While I love the ingenuity of this system, I have some trouble seeing it used as an economically viable energy storage option. According to the article, they would need about 45 m3 to store 10 kwh. At a concrete price of 200-300 $/m3, that would come to 9-13.5k USD just for the concrete. That's omitting any costs for the carbon black electrolyte, material processing, electrolyte separators and other things, so a very optimistic estimate.
Meanwhile, battery prices have fallen so much that you can buy 10 kwh of Li-Ion batteries for about $1500 ($150/kwh 2021 prices). The saving grace might be to have it do double duty as a structural element in the building, but many other posters have pointed out that there are many safety and construction problems that would have to be solved for that first.
It might also turn out that lime for the concrete will become a rate limiting material. Not to mention the energy cost involved in mining both it and creating the carbon nanopowder.
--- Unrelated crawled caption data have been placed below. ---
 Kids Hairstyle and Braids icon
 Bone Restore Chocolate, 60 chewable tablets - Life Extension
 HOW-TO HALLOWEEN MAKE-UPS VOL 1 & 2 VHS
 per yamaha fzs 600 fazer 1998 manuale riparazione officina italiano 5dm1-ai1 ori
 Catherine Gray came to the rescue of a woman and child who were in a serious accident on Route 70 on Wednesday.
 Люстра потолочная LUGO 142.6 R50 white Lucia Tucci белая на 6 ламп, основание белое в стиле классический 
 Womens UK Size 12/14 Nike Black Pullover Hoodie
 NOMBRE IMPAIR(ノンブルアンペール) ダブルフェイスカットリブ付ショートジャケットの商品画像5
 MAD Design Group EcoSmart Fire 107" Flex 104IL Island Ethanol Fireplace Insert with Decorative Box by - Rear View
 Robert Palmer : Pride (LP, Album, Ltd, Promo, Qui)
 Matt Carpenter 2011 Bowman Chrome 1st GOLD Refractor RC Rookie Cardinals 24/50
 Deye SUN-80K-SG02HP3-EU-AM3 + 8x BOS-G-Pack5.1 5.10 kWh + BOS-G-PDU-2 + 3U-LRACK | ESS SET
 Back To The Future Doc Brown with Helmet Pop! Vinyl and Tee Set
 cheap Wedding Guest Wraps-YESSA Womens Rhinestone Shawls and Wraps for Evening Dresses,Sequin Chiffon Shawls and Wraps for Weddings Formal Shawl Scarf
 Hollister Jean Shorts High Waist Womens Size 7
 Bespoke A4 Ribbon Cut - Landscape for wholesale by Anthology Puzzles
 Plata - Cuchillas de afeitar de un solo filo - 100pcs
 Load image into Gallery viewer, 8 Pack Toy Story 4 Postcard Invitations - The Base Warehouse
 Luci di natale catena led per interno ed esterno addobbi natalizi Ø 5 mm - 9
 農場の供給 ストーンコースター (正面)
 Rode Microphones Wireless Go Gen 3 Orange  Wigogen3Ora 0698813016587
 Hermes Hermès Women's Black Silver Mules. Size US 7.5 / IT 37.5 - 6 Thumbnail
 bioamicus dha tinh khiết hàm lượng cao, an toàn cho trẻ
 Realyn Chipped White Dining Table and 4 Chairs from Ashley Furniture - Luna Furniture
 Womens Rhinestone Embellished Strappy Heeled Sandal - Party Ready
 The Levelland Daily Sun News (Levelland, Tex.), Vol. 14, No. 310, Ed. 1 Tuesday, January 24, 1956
But, a material with similar hydration properties to concrete, a biopolymer for instance, might exist and be made with less cost...
We actually have to start thinking about replacing concrete with something else to be more energy efficient and sustainable.
Raw concrete price in USA is closer to 150$/m3, often less.
One thing we don’t know is life expectancy vs Li-ion, whose 10-year charge is ~60%.
I haven’t read the paper; one thing that’ll also be interesting is operating temperatures. This could be a massive upside to concrete supercaps in certain parts of the globe.
Meanwhile, battery prices have fallen so much that you can buy 10 kwh of Li-Ion batteries for about $1500 ($150/kwh 2021 prices). The saving grace might be to have it do double duty as a structural element in the building, but many other posters have pointed out that there are many safety and construction problems that would have to be solved for that first.